My mood will pass. In July, I will chill a bottle of young Picpoul de Pinet and quaff it with crab cakes. I will be surrounded by friends, we will noisily converse. We will finish the crab cakes and keep drinking the wine. At some point I will pull back from the scene, go quiet inside, and my eyes will moisten with gratitude.

The importer Terry Theise often speaks of how wine’s role is to be “useful”; that’s a lot of what I’m getting at. “A useful wine,” he says, “comes to the table and asks, ‘How can I help?’ ” I’ll take all the help I can get – from people and pets, but also from wine. Part of the answer to “How can I help?” could be, “As the lemon-herb boost that would really make this flounder dish take off.” Another part is, “By lifting my chin a bit and convincing me everything will turn out fine.”

Here, then, is a starter guide to accepting this question that wine asks, and taking from wine all that it truly has to offer. The usual principle of food pairing will be maintained: A wine should be analogous to certain aspects of the dish while simultaneously providing a counterpart. Obviously, this is very personal, and your results may vary.

For melancholy, I do love Amontillado. The hauntingly sweet, fortified sherry with amber hue binds one to eternal truths, and that’s what you need when you feel dragged under by circumstances that seem reinforced by history. There’s nothing like sweetness to make you feel loved, though too much – which good Amontillado doesn’t have – merely lulls you into dissolution. Amontillado’s deeply dug vein of acidity will help convince you that while you might be falling, something will catch you in the end.

For slight nostalgia, the sense that the current moment looms too large and you wish you could back up, try older rosé. As a general rule, I’m disappointed by rosé as it first becomes available.
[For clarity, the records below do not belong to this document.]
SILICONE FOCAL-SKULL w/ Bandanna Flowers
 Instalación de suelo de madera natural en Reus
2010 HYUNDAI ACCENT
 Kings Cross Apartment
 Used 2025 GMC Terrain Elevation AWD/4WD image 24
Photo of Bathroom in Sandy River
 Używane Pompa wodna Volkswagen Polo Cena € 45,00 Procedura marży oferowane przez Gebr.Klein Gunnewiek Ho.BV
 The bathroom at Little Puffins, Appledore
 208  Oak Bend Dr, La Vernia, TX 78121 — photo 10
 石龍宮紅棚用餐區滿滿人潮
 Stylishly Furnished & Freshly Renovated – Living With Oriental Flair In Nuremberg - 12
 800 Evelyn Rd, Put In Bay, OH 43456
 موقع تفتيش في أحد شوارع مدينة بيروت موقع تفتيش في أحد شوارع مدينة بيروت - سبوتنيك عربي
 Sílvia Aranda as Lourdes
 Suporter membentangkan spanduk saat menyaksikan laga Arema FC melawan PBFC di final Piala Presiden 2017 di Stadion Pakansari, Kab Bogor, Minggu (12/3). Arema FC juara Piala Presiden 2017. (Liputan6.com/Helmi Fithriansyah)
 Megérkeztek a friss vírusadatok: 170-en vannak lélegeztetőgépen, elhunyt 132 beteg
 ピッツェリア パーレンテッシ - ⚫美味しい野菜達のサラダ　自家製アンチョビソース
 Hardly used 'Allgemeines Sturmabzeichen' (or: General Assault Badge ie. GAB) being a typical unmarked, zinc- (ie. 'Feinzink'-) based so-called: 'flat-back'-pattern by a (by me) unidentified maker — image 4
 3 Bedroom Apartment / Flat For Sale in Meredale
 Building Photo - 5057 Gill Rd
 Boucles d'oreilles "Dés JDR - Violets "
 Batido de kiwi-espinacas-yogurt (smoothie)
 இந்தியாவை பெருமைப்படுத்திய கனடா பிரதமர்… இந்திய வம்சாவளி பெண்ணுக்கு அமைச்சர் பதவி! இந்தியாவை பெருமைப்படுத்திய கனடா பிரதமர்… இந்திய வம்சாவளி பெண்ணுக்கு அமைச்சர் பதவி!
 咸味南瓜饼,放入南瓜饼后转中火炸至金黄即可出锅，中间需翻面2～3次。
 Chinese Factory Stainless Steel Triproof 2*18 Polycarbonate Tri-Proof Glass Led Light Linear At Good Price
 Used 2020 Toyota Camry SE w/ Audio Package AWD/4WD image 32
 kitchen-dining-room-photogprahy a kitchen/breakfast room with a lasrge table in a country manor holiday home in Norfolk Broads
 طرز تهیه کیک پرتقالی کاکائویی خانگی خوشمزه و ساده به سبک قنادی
There are already 2014 rosés for sale, too young and scatterbrained to be of much use. Start drinking these in June at the earliest. For now, find a 2013 rosé, usually available at reduced prices this time of year, and appreciate the seriousness it has taken on in what we can only call its sunset years. As you find yourself gently pining for a slightly older moment that in retrospect seems simpler, the wine will surprise you with its focus and depth.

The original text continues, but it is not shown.